60 N.W.2d 327, 337 Mich. 500, 1953 Mich. LEXIS 417
CourtMichigan Supreme Court
DecidedOctober 5, 1953
DocketDocket 1; Calendar 45,062
StatusPublished
Cited by37 cases

This text of 60 N.W.2d 327 (Kaczmarck v. La Perriere) is published on Counsel Stack Legal Research, covering Michigan Supreme Court primary law. Counsel Stack provides free access to over 12 million legal documents including statutes, case law, regulations, and constitutions.

Bluebook
Kaczmarck v. La Perriere, 60 N.W.2d 327, 337 Mich. 500, 1953 Mich. LEXIS 417 (Mich. 1953).

Opinion

Dethmers, C. J.

This is garnishment brought to determine defendant insurance company’s liability, as carrier of the public liability risk on principal defendant’s automobile, to plaintiff on a judgment *502 secured by him against principal defendant for damages arising out of latter’s negligent operation of that automobile. Prom entry of judgment on directed verdict for garnishee defendant and denial of plaintiff’s motions for directed verdict and for new trial, he appeals.

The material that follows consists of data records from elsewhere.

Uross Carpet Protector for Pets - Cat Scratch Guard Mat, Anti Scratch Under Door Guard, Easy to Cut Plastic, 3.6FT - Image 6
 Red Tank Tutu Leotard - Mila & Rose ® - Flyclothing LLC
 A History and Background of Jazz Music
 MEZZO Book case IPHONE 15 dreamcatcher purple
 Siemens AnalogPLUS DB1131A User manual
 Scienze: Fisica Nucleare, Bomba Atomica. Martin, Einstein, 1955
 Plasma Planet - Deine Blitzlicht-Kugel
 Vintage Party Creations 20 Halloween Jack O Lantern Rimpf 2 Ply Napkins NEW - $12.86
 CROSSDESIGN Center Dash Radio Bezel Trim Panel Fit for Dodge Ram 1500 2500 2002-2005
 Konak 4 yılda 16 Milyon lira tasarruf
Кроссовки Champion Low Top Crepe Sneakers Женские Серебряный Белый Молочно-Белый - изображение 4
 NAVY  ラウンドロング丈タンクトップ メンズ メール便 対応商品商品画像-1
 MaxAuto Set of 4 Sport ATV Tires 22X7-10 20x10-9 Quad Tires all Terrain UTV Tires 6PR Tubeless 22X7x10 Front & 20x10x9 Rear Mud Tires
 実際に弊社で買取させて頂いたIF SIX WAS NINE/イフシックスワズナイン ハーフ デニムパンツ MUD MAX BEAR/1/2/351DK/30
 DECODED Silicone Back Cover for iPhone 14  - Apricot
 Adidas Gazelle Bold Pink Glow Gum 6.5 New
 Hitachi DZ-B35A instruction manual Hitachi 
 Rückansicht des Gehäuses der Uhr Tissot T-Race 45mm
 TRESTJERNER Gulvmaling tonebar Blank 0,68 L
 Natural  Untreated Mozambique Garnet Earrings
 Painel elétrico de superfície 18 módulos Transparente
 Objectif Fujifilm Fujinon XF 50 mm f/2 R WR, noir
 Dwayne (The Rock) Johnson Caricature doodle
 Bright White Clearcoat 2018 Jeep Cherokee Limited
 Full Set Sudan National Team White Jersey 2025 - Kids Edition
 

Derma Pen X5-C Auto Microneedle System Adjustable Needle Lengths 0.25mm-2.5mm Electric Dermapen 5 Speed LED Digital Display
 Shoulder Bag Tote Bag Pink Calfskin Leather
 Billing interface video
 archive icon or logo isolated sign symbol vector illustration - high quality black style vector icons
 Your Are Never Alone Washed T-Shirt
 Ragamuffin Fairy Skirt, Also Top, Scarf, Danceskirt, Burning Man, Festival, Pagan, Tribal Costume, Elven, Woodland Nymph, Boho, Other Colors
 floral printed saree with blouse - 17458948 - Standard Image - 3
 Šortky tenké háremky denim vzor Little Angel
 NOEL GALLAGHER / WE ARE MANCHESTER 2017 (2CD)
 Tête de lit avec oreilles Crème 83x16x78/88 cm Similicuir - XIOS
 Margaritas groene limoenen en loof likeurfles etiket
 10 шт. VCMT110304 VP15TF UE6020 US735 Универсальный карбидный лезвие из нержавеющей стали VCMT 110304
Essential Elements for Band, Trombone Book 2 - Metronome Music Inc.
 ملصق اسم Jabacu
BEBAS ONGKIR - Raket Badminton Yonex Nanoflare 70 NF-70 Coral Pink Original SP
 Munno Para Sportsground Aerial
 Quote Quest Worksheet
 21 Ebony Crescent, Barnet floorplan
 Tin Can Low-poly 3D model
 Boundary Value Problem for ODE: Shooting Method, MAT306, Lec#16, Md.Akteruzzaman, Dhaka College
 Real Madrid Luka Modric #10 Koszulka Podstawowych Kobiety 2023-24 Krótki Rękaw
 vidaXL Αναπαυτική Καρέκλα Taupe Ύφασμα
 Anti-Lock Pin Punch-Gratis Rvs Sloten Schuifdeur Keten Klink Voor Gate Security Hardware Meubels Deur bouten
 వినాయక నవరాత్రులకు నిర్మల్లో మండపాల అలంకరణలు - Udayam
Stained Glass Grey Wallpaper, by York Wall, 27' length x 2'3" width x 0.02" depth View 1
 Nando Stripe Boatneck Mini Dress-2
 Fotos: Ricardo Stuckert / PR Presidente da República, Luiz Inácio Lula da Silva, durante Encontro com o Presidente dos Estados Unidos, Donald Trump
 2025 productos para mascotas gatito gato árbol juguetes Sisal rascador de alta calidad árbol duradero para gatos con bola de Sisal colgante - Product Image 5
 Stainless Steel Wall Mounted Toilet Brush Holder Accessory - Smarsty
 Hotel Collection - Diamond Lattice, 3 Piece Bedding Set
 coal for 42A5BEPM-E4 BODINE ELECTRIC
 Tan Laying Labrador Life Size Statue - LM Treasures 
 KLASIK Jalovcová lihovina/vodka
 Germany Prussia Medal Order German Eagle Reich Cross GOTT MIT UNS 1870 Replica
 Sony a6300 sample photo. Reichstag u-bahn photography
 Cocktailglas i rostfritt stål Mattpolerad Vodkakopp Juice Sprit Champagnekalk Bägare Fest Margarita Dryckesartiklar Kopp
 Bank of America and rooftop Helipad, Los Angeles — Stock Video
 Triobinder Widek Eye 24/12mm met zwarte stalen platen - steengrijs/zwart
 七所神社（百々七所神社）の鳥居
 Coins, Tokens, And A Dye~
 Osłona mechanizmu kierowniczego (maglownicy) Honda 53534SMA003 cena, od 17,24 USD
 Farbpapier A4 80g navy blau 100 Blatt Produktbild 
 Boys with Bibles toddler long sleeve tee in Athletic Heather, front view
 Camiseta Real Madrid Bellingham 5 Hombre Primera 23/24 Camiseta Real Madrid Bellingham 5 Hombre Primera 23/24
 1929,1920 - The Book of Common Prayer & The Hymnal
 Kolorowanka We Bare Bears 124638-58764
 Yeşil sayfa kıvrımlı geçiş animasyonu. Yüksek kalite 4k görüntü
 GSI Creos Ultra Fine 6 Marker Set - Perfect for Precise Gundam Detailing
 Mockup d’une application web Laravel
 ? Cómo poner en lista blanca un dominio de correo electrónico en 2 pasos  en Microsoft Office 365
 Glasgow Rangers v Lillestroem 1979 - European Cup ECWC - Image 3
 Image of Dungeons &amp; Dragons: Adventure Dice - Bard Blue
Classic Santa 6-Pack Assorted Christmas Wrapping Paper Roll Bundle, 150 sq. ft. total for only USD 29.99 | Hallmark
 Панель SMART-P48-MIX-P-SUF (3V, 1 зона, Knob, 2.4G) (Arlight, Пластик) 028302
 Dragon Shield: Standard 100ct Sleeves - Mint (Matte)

On August 23, 1947, principal defendant owned a Packard automobile and insured it with defendant company against public liability for a period of 1 year. On November 18, 1947, he traded the Packard to one Thaxton for an Oldsmobile and delivered the insurance policy to him with intent to transfer the interest thereunder, although he executed no written assignment. He kept the Oldsmobile until June 22, 1948, but at no time did he notify defendant company that he had acquired it or seek to have the insurance made applicable to it. On that date he disposed of the Oldsmobile and purchased and took delivery of a Pontiac. Within 30 days he notified defendant company of his acquisition of the Pontiac, said he wanted to transfer his policy from the Packard to the Pontiac, and the company’s agent took the transfer and assured him that the Pontiac was covered by the insurance policy. While driving the Pontiac on July 8,1948, he became involved in the accident which resulted in the mentioned judgment. On or after August 4, 1948, defendant company denied coverage to him on the claimed ground that before the accident he had assigned the insurance to Thaxton; and in September or October of 1948, after the 1-year period of the policy had expired, it issued a change-of-name-of-insured indorsement to Thaxton, retroactive to November 18, 1947.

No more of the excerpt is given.